First Lady Michelle Obama turns 50 on Friday and President Barack Obama is throwing her a birthday party at the White House on Saturday. Word on the street is that guests have been told to come ready to dance.
She deserves to celebrate.
Michelle Obama has a passion for encouraging people in need, and black students in particular; she is an effective surrogate for the president, and she’s one of the most popular first lady’s in history.
Last month, as I stood next to Michelle Obama during a White House reception, we chatted briefly, and I was struck, as always, by her regal aura, her elegance, her humor — and the historic knowledge that a gifted black woman from the South Side of Chicago is overseeing the White House.
And as a national role model for young people and adults, Michelle Obama practices what she preaches: She eats healthy and exercises regularly.
“She’s at the top of her game,” Valerie Jarrett, a longtime friend of the Obamas and a Senior White House adviser, told People magazine. “She’s fabulous at 50.”
Michelle Obama isn’t just all about parties leading up to her birthday: The first lady is also about uplifting black students and empowering black youth through health and education – the hallmark of her tenure in the White House.
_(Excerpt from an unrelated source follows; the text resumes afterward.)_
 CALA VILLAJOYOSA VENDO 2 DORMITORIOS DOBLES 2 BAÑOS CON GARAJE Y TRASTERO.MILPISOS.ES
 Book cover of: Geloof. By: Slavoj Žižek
The first lady’s “Let’s Move!” campaign for healthy eating and her efforts to end childhood obesity within a generation has led to healthier school lunches for public school students.
This week, Michelle Obama hosted two White House events designed to support black students. Since President Obama took office in 2009, African American students have been regular guests for White House gatherings at the first lady’s direction.
On Thursday, the president and first lady hosted a workshop at the White House while announcing a new White House report entitled: “Increasing College Opportunity for Low-Income Students.”
The Obamas are leading an effort to urge more than 100 colleges to commit to expand college opportunities for low-income students, many of whom are African American. Several educators from historically black colleges attended the White House workshop Thursday, including administrators from Howard University, Spelman College, Morehouse College, Cheyney University, and Morgan State University.